I recently came across a fantastic piece in the new Washington and Lee student journal, the Stone, entitled The Game of Kissing.  The essay, in equal parts subtle wit and academic tone, uses game theory to model the exciting and harrowing experience of deciding whether or not to try to kiss someone.

The author models the decision to go in for a kiss or not as a Stag Hunt game, where each player wants to kiss the other, but neither player knows if the other will accept or reject their advances.  Both players receive their highest payoff when the kiss happens, but each receives their lowest payoff by attempting the kiss and being rejected.  The article presents the following initial payoff matrix:

“C” Stands for cooperate (kiss), and “D” stands for defect (don’t kiss).  The essay shows that while the top left square is socially optimal, the bottom right square is also a stable equilibrium – neither player can improve their payoff by moving unilaterally.  In other words, not kissing is “safe”, and neither player believes they can improve their payoff unless the other player changes decision too.

The essay progresses to add assumptions that make the prospect of going for the kiss better: romance, familiarity, seclusion – but no matter what the bottom right square always remains the “safe” option, a stable equilibrium.

Reading this essay, I was reminded of a passage I recently read in Milan Kundera’s The Art of the Novel, in which he describes the interaction between a man and woman in novelist Hermann Broch’s Sleepwalkers.

On Levin’s estate, a man and a woman meet-two melancholy, lonely people.  They like one another and secretly hope to join their lives together.  All they need is the chance to be alone for a moment and say so.  Finally one day they find themselves unobserved in a wood where they have come to gather mushrooms.  Ill at ease, they are silent, knowing that the moment is upon them and they must not let it slip by.  The silence has already lasted rather a long while when the woman suddenly, “involuntarily, reflexively,” starts to talk about mushrooms.  Then silence again, and the man casts about for a way to declare himself, but instead of speaking of love, “on some unexpected impulse” he too talks about mushrooms, powerless and desperate, for never, they know it, never will they speak of love.

Back at the house, the man tells himself that he did not declare his love because of the memory of his dead mistress, which he cannot betray.  But we know perfectly well: It is a false excuse he invokes to console himself.  Console himself?
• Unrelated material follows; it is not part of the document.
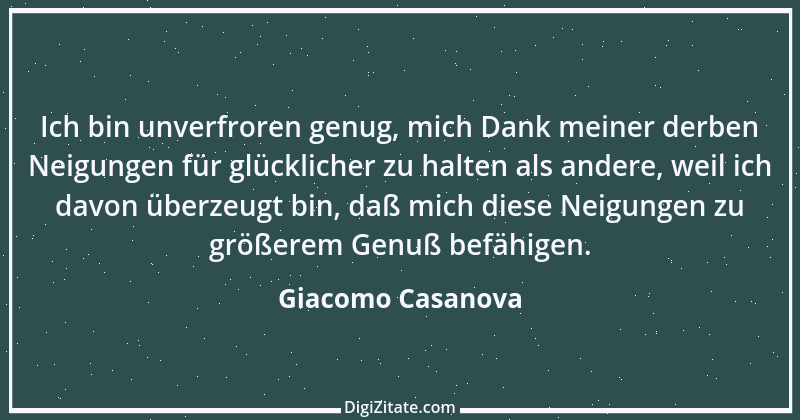 Zitat von Giacomo Casanova 85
Yes. Because we can resign ourselves to losing a love for a reason.  We would never forgive ourselves for losing it for no reason at all. 

The stakes are a bit higher in Kundera’s description (talking about true love, not just a kiss) but the interaction itself is certainly reminiscent of the The Kissing Game.
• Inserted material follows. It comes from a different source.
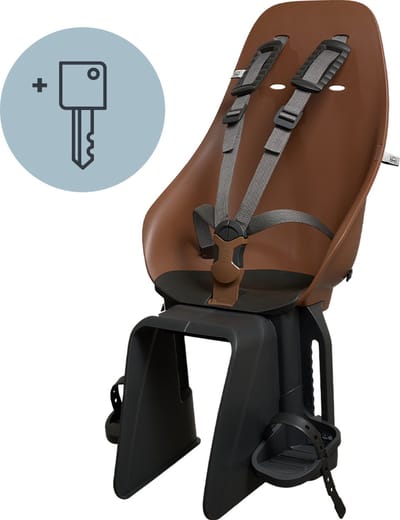 Urban Iki BIO Fietsstoeltje Achter Ta–ke Dragermontage - Haniwa Brown/ Bincho Black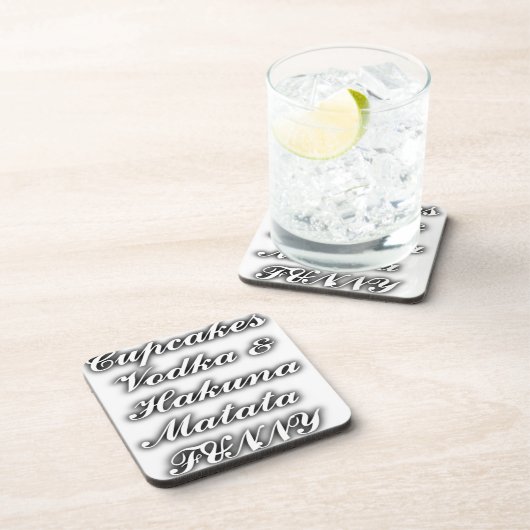 Dessous-de-verre Cupcakes Vodka Hakuna Matata FUNNY (Côté Droit)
I’ve dabbled in game theory in my academic career, at work, and in my free time.  I’m fascinated by it’s elegant simplifications of real life situations and its many practical applications.  I’m particularly intrigued by models that show why groups of people may make decisions that aren’t in the collective best interest such as the Stag Hunt and the Prisoner’s Dilemma.
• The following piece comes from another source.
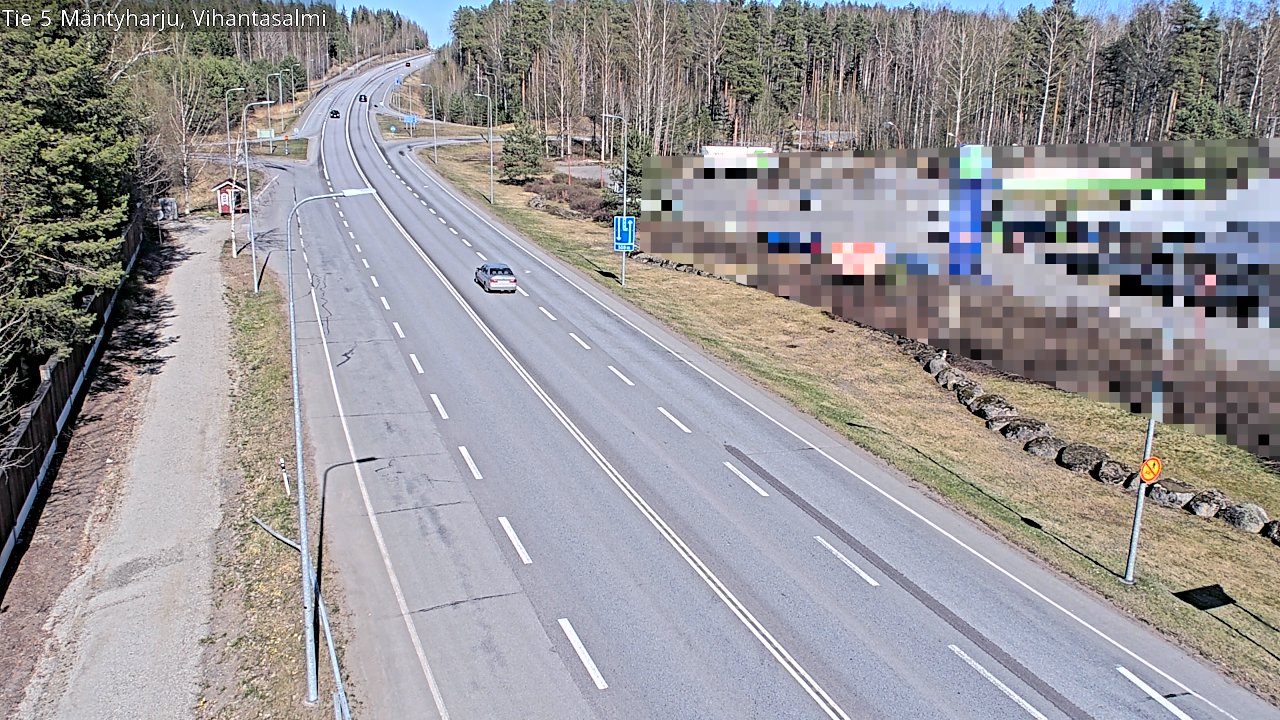 Weather Camera Image Road 5 Mäntyharju, Vihantasalm, Mäntyharju, Etelä-Savo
Yet, human’s are not wholly rational beings – though we rely on rationality it doesn’t equip us to fully handle the nature of our being.  Our reason has limits.  Experiments with The Ultimatum Game show that people will often defy the predictions of our models.  We are hosts to numerous cognitive biases.  We are the product of a complex  and ill-understood interplay of thought and emotion.

As an economist and amateur game theorist myself it almost feels like sacrilege to admit this… But maybe our models and theories are just the product of a deep-seeded urge to systematize our own chaotic nature, to try to understand ourselves in terms that are simply incongruous with the reality of our existence.

Maybe it’s easier to accept the imperfect mathematical explanation for our perplexing moments, the tragedies of omission, than it is to admit that we simply spoke of mushrooms.